CMD ["node", "server.js" ]
I have two separate versions of docker-compose. In docker-compose.dev.yml I set the dockerfile to dockerfile.dev:
app:
depends_on:
mongodb:
condition: service_healthy
build:
context: .
dockerfile: Dockerfile.dev
healthcheck:
test: [ "CMD", "curl", "-f", "http://localhost:5000" ]
interval: 180s
timeout: 10s
retries: 5
restart: always
env_file: ./.env
ports:
- "5000:5000"
environment:
...
volumes:
- /node/app/node_modules
In production docker-compose.yml there is the dockerfile set to Dockerfile.

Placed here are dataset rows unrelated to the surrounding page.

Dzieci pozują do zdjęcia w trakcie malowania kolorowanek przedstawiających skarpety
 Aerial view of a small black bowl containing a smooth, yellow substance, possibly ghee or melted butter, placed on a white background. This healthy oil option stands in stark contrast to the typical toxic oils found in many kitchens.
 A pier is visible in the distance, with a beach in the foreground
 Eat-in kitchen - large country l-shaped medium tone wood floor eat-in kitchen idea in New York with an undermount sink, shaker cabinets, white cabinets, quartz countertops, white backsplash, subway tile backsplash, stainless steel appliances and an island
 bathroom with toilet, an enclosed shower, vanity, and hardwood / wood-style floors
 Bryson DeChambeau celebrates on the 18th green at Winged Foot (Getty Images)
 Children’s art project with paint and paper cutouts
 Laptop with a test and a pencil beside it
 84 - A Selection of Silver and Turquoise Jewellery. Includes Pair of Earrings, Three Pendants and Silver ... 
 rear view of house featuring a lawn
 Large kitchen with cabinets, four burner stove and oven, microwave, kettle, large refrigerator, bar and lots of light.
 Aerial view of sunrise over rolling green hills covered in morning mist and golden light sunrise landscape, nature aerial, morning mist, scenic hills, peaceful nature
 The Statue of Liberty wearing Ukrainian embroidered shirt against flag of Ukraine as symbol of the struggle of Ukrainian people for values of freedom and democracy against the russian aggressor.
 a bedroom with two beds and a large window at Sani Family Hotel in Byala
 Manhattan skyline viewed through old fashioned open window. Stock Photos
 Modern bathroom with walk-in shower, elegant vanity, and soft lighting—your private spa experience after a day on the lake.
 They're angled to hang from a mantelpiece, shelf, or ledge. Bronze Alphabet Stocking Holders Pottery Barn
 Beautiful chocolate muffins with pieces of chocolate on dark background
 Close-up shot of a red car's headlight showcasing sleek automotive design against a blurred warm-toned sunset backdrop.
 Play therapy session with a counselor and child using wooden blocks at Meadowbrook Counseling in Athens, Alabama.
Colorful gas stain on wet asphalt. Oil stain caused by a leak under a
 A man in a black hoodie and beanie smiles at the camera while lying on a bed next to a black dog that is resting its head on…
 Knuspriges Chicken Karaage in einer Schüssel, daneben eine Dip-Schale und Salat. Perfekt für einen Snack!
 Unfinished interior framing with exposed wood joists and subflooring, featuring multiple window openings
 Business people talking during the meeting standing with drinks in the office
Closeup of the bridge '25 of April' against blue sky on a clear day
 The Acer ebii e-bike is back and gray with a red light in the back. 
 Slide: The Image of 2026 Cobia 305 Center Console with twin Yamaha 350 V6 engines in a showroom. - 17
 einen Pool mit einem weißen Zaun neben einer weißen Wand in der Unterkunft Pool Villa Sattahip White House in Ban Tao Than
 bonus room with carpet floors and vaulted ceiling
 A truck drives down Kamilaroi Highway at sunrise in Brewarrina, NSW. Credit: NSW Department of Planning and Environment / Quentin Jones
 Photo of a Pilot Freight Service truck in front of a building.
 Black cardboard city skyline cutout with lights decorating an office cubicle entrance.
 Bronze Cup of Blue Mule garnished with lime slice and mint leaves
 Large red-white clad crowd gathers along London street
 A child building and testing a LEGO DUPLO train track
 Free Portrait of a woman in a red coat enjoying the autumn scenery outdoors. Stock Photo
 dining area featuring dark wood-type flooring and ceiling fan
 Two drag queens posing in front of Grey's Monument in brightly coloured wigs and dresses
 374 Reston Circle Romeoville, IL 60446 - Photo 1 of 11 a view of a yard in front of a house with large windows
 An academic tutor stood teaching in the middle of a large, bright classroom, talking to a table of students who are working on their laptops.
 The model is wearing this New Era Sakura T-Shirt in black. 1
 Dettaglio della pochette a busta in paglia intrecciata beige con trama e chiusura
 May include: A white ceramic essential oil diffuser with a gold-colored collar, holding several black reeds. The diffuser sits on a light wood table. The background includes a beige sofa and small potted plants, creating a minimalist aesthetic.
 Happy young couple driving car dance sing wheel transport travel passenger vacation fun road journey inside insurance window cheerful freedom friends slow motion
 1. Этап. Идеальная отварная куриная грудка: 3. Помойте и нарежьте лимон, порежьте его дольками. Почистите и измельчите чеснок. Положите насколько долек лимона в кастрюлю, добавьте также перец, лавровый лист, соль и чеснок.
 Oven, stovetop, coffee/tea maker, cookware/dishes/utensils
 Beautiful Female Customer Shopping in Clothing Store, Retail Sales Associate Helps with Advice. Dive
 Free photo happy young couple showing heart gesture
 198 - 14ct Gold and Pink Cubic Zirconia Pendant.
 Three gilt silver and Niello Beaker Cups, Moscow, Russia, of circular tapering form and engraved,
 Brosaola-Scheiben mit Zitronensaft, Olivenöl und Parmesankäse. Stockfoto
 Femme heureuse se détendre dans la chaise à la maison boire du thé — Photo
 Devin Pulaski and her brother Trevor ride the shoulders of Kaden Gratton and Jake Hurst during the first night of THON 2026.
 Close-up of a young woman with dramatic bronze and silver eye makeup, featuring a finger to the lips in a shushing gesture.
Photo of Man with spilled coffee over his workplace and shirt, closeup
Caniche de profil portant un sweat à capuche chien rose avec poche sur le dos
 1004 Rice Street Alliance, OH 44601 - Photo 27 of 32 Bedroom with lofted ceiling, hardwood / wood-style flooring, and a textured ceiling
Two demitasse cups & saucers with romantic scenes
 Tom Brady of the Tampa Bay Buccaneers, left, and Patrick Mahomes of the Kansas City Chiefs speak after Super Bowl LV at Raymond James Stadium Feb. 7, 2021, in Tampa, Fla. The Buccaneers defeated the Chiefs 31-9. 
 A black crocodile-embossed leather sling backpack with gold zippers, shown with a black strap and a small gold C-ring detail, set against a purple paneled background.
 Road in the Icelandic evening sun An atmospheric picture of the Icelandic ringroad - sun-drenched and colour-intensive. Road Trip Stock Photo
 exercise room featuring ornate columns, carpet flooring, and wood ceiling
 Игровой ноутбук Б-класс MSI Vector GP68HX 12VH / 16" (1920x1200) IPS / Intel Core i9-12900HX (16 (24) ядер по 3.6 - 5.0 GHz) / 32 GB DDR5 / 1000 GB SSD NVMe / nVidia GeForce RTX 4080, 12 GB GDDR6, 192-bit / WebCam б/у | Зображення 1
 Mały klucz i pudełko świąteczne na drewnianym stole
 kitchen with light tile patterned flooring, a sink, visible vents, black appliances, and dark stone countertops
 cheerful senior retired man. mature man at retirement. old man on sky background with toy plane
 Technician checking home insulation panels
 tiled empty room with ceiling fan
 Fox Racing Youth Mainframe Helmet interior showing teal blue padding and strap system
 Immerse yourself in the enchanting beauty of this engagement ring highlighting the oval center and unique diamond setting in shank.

Nodemon vs PM2. I used pm2 before dockerizing the app. I cannot see any benefit of having it in docker, the restart: always takes care about restarting on error. You should better use restart: unless_stopped but I prefer the always option. Initially I used nodemon also on production so that the app reflected the volumes changes but I skipped this because the restart didn't work well (it was waiting for some code changes..).
Users: You can see it in my example. I took a course for docker + nodejs and setting a non-root user was recommended so I do it and I have no problems.
I hope I explained well enough and it can help you. Good luck.
Either, it doesn't matter too much, I prefer to have development details then overwrite with production details.
I don't commit them to my repo, then I have "npm install" in my dockerfile.
You can set rules in the dockerfile to which one to build based on build settings.
It is typical to build everything via root, and run the main program via root. You can set up other users, but for most uses it is not needed as the idea of docker containers is to isolate each process in individual docker containers.